In order for the TEXTAREA to begin with a newline in its content, an additional newline must be included.

This is closely related to #64607.

Change History (17)

This ticket was mentioned in PR #10879 on WordPress/wordpress-develop by @jonsurrell.


4 weeks ago
#1

  • Keywords has-patch has-unit-tests added

The ::set_modifiable_text() method on WP_HTML_Tag_Processor and WP_HTML_Processor will fail to include a leading newline in the provided plaintext content on the first text of TEXTAREA, PRE, and LISTING elements.

This is due to special rules for these elements that cause a single leading newline to be ignored immediately following the open tag.

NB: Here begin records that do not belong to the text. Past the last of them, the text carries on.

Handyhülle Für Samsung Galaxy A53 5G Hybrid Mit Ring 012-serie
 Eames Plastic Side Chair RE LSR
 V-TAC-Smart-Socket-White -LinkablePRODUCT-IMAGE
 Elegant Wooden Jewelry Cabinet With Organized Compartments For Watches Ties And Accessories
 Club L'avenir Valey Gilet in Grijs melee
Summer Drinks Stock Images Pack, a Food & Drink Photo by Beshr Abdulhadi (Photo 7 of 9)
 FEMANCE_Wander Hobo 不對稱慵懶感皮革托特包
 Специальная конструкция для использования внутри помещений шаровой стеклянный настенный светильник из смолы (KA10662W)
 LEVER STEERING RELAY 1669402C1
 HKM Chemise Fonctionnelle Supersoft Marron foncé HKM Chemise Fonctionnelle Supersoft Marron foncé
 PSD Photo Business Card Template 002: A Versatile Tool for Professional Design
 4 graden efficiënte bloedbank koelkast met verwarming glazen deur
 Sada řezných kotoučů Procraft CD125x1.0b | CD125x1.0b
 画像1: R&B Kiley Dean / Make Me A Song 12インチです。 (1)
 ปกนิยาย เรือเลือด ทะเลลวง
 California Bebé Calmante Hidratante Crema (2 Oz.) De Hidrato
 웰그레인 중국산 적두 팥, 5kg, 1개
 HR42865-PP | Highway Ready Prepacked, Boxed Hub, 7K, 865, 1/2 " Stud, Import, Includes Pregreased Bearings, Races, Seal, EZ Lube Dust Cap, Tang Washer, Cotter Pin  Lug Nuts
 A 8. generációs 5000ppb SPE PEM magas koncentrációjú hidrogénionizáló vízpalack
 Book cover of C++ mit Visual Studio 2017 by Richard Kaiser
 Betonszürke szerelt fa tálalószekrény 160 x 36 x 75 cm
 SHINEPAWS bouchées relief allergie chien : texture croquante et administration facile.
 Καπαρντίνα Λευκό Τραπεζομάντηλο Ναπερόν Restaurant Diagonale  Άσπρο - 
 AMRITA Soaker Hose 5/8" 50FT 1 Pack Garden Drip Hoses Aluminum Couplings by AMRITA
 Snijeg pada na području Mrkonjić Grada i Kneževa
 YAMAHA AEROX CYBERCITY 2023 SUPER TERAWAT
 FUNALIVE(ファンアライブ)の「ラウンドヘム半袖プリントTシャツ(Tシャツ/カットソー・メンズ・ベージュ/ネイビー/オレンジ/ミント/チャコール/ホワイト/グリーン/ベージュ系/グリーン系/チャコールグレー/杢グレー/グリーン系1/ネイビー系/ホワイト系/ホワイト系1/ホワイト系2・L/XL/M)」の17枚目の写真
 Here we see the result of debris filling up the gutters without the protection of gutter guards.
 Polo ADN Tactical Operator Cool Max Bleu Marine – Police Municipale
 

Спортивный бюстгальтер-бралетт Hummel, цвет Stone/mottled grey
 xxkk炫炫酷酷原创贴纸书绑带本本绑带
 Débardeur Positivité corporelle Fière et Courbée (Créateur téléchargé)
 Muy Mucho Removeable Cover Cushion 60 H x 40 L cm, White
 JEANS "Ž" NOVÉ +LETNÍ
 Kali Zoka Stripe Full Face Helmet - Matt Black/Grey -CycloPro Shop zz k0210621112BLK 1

$html_processor = WP_HTML_Processor::create_fragment('<textarea></textarea>');
$html_processor->next_token();
$html_processor->set_modifiable_text( "\nAFTER NEWLINE" );
var_dump( $html_processor->get_modifiable_text() );
// string(13) "AFTER NEWLINE"
echo $html_processor->get_updated_html();
/* Prints:
<textarea>
AFTER NEWLINE</textarea>
*/

Note that the newline is present in the updated HTML, however the HTML parsing rules cause the leading newline to be ignored.

When rendered in the browser, this TEXTAREA element will report its .textContent as AFTER NEWLINE (with no leading newline) and the rendered element shows AFTER NEWLINE on the first line of the input box.

In order for the TEXTAREA to begin with a newline in its content, an additional newline must be included.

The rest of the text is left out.